In his ruling, Kalembera says ESCOM is a public body by virtue of its appointment by the government — quoting Section 3 of the Corrupt Practices Act (CPA) that defines a public body “a statutory body or any other appointed by Government”.
He contends that the government “solely appointed ESCOM” and that “it is only that government elected to use incorporation as a vehicle to create ESCOM as a private company, to effectively achieve its goals”.
“It therefore follows that anyone who works for a public body is a public officer.”
The Judge further quotes Section 8 of the Public Procurement Act that “requires public bodies to establish internal procurement committee, which ESCOM has done, and it has been under the supervision of the Office of the Director of Public Procurement in matters of procurement”.
“It is worth noting that the Public Procurement Act is only applicable to public bodies. No ordinary private company would be subjected to the PPA unless it operates as or is a public company.
“ESCOM Ltd is, therefore, no ordinary private company, if at all. It is the finding of this Court that it is a State-owned company, therefore, a public company.”
He also took cognizance that ESCOM executive vacancy application offers flighted in The Nation and The Daily Times of March 8, 2021, asked applicants to direct their applications to the Comptroller of Statutory Corporations which “augments the fact that despite the said ESCOM Ltd being incorporated under the Companies Act, as a private limited company, it has remained and still operates as a statutory corporation”.
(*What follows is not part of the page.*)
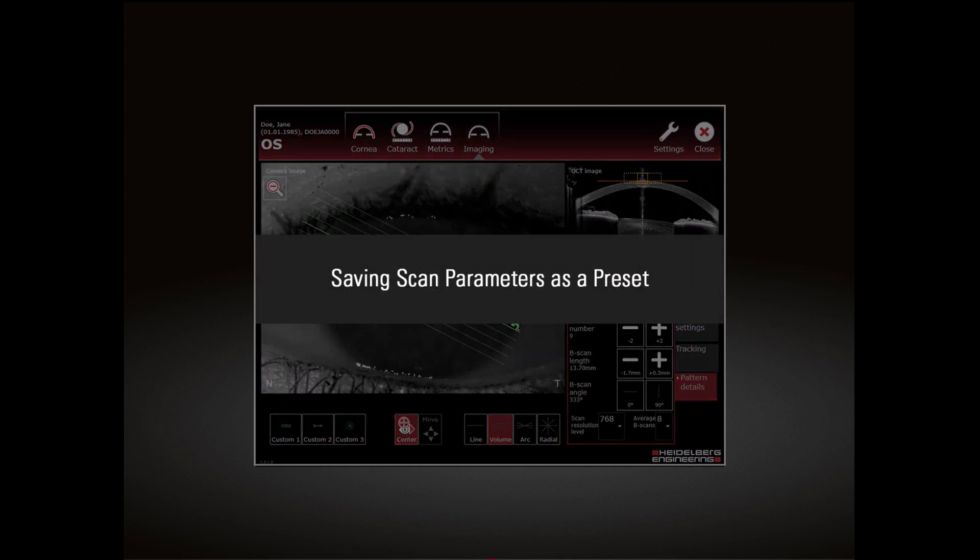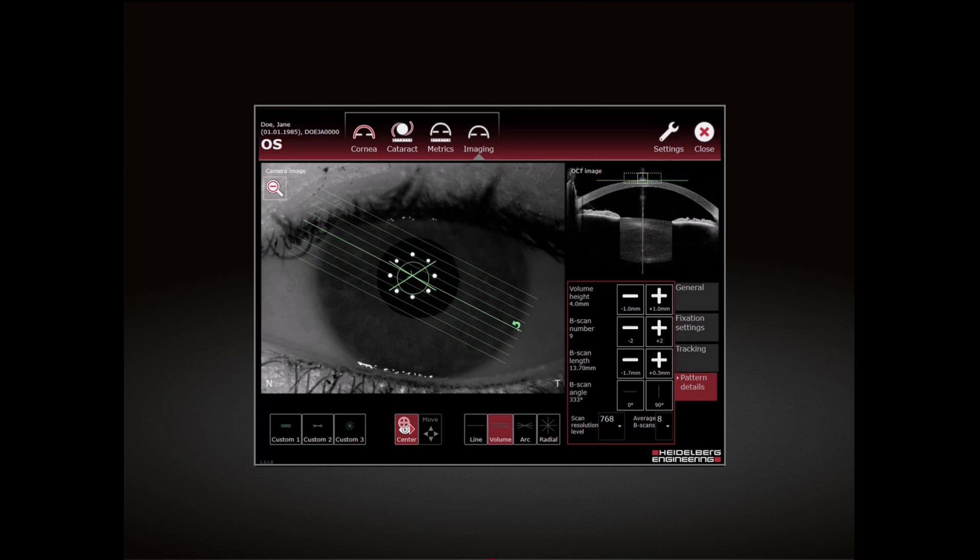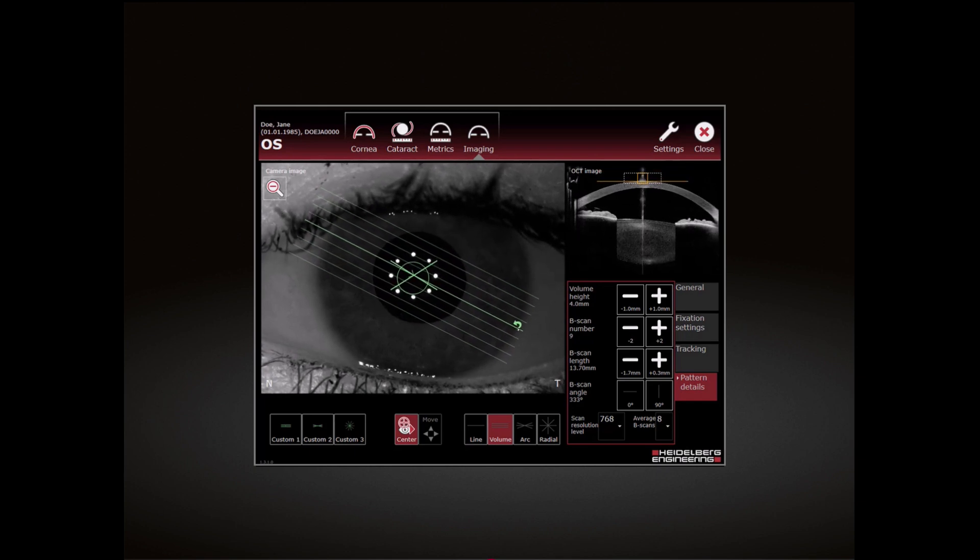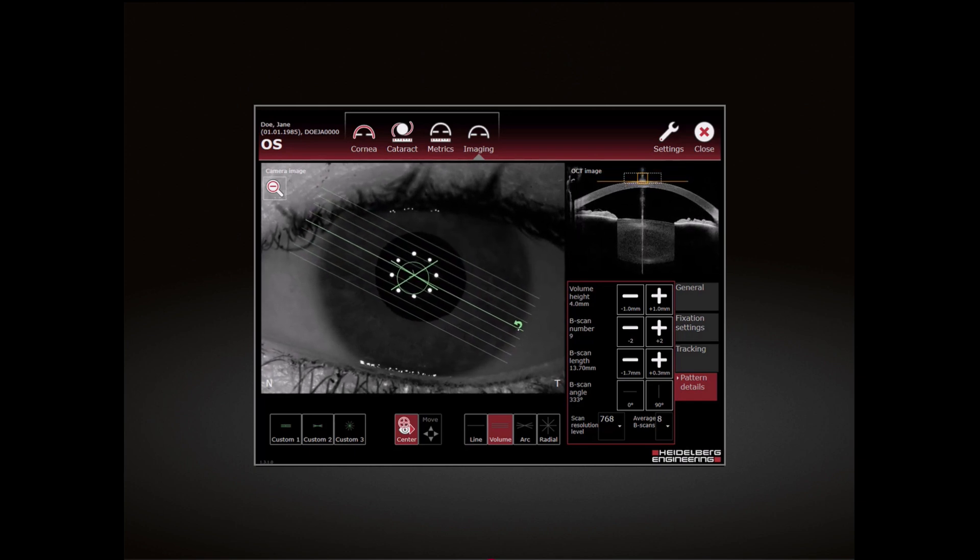Saving Scan Parameters as a preset: To save the defined scan settings, tap and hold Custom 1, Custom 2 or Custom 3.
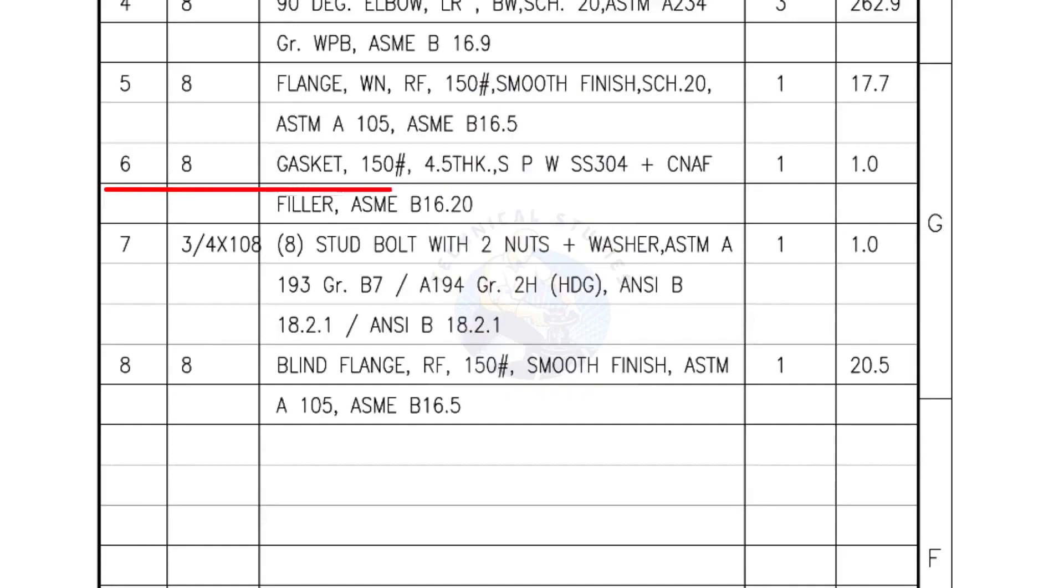Mark number 6: 8 inch gasket, 150 pound, 4.5 millimeters thick, spiral wound gasket, compressed non-asbestos filled. Quantity, 1 number.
“It cannot, therefore, be heard that in one vein, it can use public funds as a public company, and when such funds are alleged to have been misappropriated, then it cannot be held to account as a public company or public body, and that its officers cannot be held accountable as public officers for it is a private company.”
Kalembera also takes judicial notice that ESCOM vehicles use number plates for statutory corporations.
Thus he goes back to a recent decision by Justice Mbvundula in the Republic v Kandionamaso Padambo, Criminal Appeal No. 91 of 2009 in which he determined that ESCOM Ltd was not a public body in as far as the provisions of the Corrupt Practices Act were concerned.
“However, I beg to differ and it is my finding, on the observations herein, that the CPA cannot be read in isolation in so far as public bodies are concerned.
“Section 26 of the Companies Act referred to herein clearly makes ESCOM Ltd a state-owned company, there by a public company or body. It is, therefore, amenable to the CPA, so too its employees as public officers.
“The preliminary objections raised are therefore overruled and dismissed in their entirety. The trial of the accused persons shall proceed.”
Kalembera has since adjourned the case to June 9-12, 2021 from 9am for further hearing.